Virginia Lawyers Weekly reports on a recent case in which Scott Brian Dunn (“Dunn”), the owner of an unincorporated business, sought workers compensation benefits alleging he was an employee of a general contractor, Cityscape, and not an independent contractor. Dunn’s business had a tax identification number, workers’ compensation insurance, a business license, business cards, and an online presence. The court said that Cityscape did not retain the right to control Dunn and therefore Dunn was an independent contractor. The court said:
No “hard and fast rule” exists for determining whether a person is an employee of a company rather than an independent contractor. Creative Designs Tattooing Assocs., 56 Va. App. at 308 (quoting Hann v. Times-Dispatch Pub. Co., 166 Va. 102, 105-06 (1936)). Four criteria are generally reviewed when a court is asked to determine whether a person is an “employee” under the Act: “‘(1) [s]election and engagement of the servant; (2) payment of wages; (3) power of dismissal; and (4) the power of control of the servant’s action.’” Dillon Constr., 55 Va. App. at 430 (quoting Crowder v. Haymaker, 164 Va. 77, 79 (1935)). Virginia courts have held previously that “[t]he potential power of control, not the actual exercise of control, is the important element.” Id. at 431 (quoting Va. Emp. Comm’n v. A.I.M. Corp., 225 Va. 338, 347 (1983)).
The right of control includes not only the power to specify the result to be attained, but also the power to control “the means and methods by which the result is to be accomplished.” Id. (quoting Richmond Newspapers, Inc. v. Gill, 224 Va. 92, 98 (1982)). “An employer/employee relationship exists if the party for whom the work is to be done has the power to direct the means and methods by which the other does the work.” Id. (quoting Intermodal Servs., Inc. v. Smith, 234 Va. 596, 601 (1988)). “If the latter is free to adopt such means and methods as he chooses to accomplish the result, he is not an employee but an independent contractor.” Id. (quoting A.I.M. Corp., 225 Va. at 347). “The extent of the reserved right of control may be determined by examining the performance of the parties in the activity under scrutiny.” Id. (quoting Intermodal Servs., Inc., 234 Va. at 601). This Court examines the nature of the work to determine on a case-by-case basis whether the employer possessed the requisite degree of control for the claimant to qualify as an employee. See Purvis v. Porter Cabs, Inc., 38 Va. App. 760, 770 (2002).
We disagree with Dunn’s contention that Cityscape retained the right to exercise sufficient control over the means and methods of Dunn’s work to render Dunn their employee. The evidence reflected that Cityscape did not closely supervise Dunn. As the Commission found, George and Boswell “coordinated the entire project and oversaw [Dunn’s] work, but neither of them dictated the means and methods by which [Dunn] accomplished the tasks assigned to him.” While Dunn’s supervisors checked behind Dunn’s work to ensure it met Cityscape’s standards, Dunn did not require instruction regarding how to complete his job duties.

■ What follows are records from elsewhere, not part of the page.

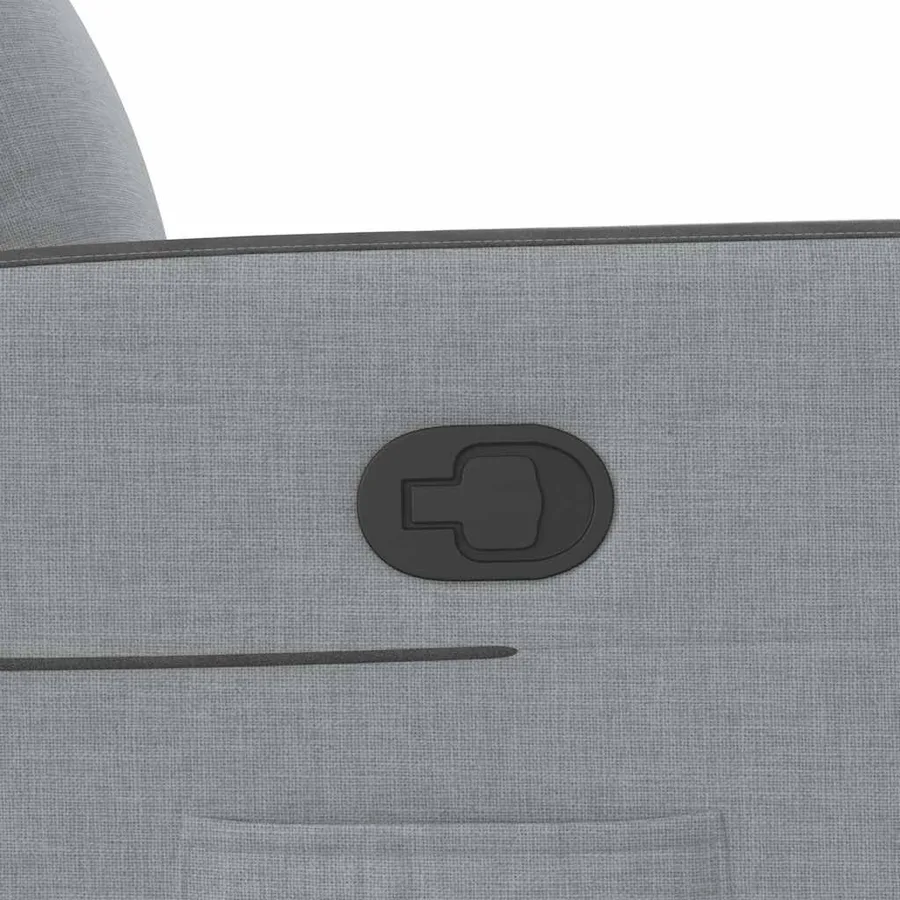 Fauteuil inclinable Gris clair Tissu - 8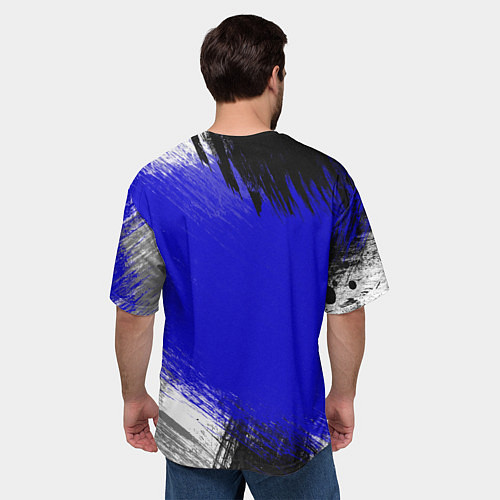 Мужская футболка оверсайз Sports club FOOTBALL / 3D-принт – фото 4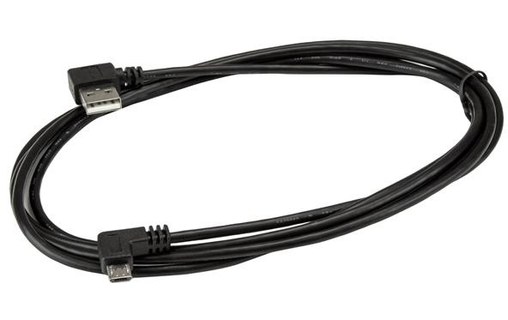 Câble StarTech USB-A vers micro-USB-A coudé (angle droit) USB 2.0 - 2 m - Noir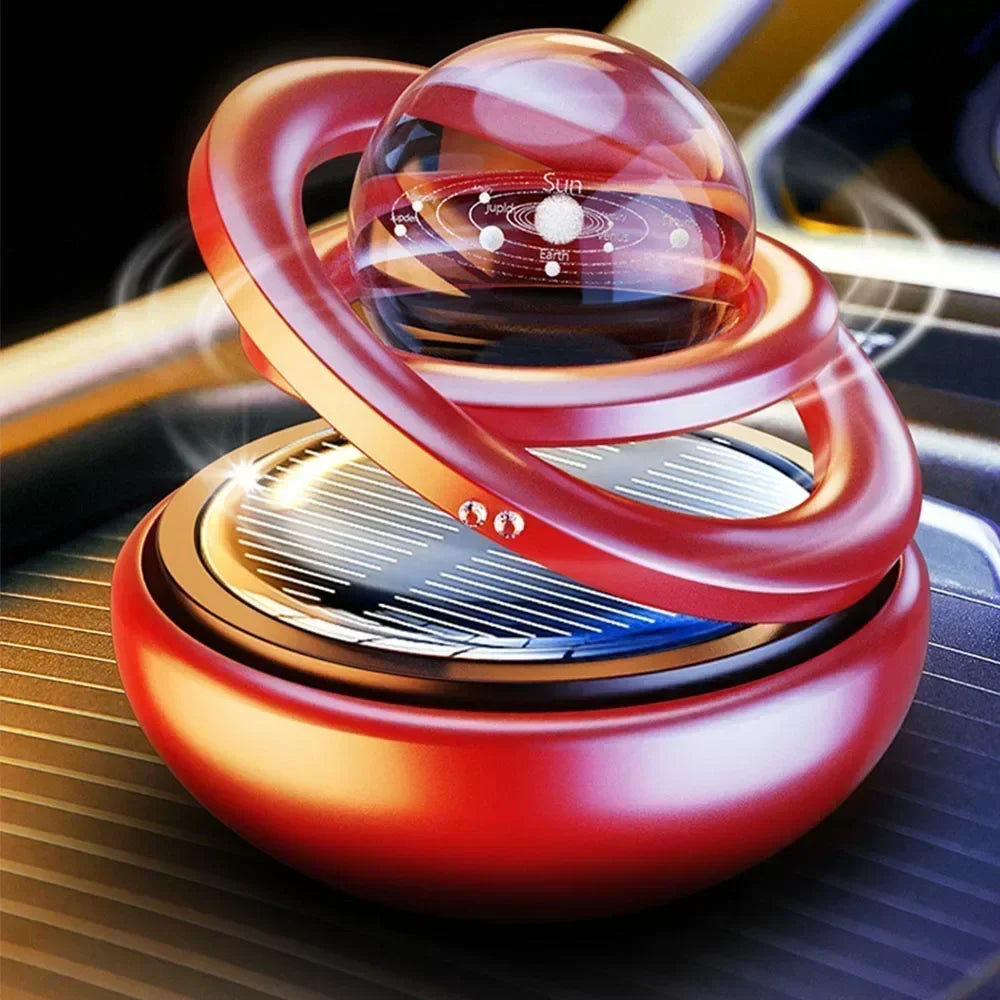 Car Air Freshener Solar Rotating Aromatreatment Decoration Car Interior Accessories Women Men Original Flavored Perfume Diffuser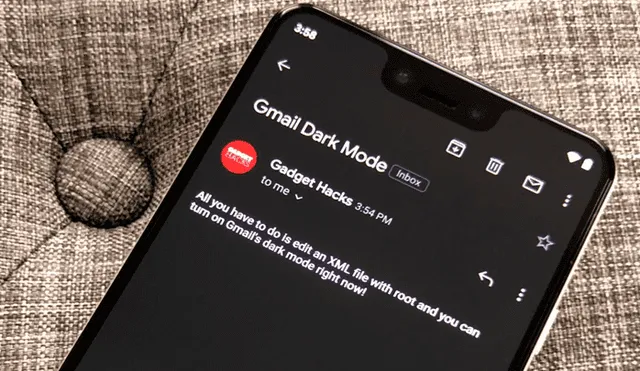 Guía para activar el modo oscuro de Gmail en iOS, Android y web.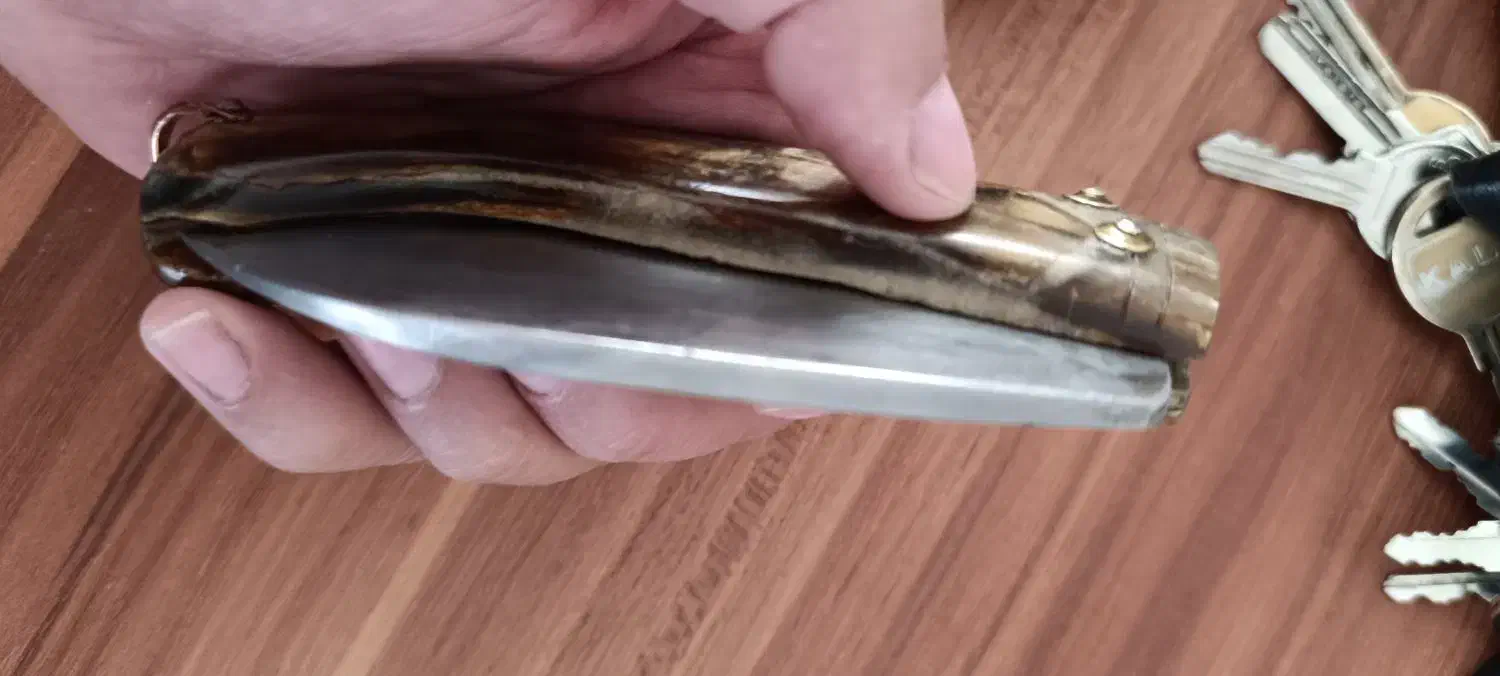 چاقو ۳ الماس دسته شاخ کهنه|کلکسیون اشیاء عتیقه|سارال, |دیوار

Moreover, while the evidence suggests that Cityscape supplied Dunn with certain materials necessary to perform his duties, Dunn supplied his own tools. Along with the tools he already owned, Dunn had “no problem going out and buying [more tools]” on his own if necessary. In fact, George could not “think of a tool specifically that we bought [Dunn].” Dunn also held himself out to the public as a business owner performing the same work independently as the work he did for Cityscape. In 2008, Dunn started his business, specializing in cabinet and hardware installation, woodworking, and trim, which is the same work he was asked to perform at Cityscape’s Lynchburg job site and on other previous Cityscape jobs. Dunn’s business had a tax identification number, workers’ compensation insurance, a business license, business cards, and an online presence. Dunn’s vehicle was also licensed and insured under his business. At no point did Cityscape restrict Dunn (or his business) from working on other jobs outside the Lynchburg job site. There were also other subcontractors at Cityscape’s Lynchburg job site, including Home Servicing Construction, which Cityscape hired to perform many of the same duties that Dunn was hired to perform.
Dunn cites several factors in support of his argument that he was an employee, including that he was paid an hourly wage, that Boswell dictated when he worked, and that he had to submit his hours to Boswell to get paid. Notwithstanding Dunn’s arguments, we find that the Commission properly weighed the totality of the evidence and correctly found that the evidence was sufficient to support a finding that Cityscape did not retain the right to control the method and means of the work Dunn performed. Thus, we hold that the Commission did not err in finding that Dunn was an independent contractor.
Dunn v. Cityscape LLC, et al., Record No. 0358-22-3, Feb. 7, 2023, 2022. CAV unpublished opinion (Athey). From the Virginia Workers’ Compensation Comm’n. Hannah Bowie for appellant. Richard D. Lucas for appellees. VLW 023-7-073, 6 pp.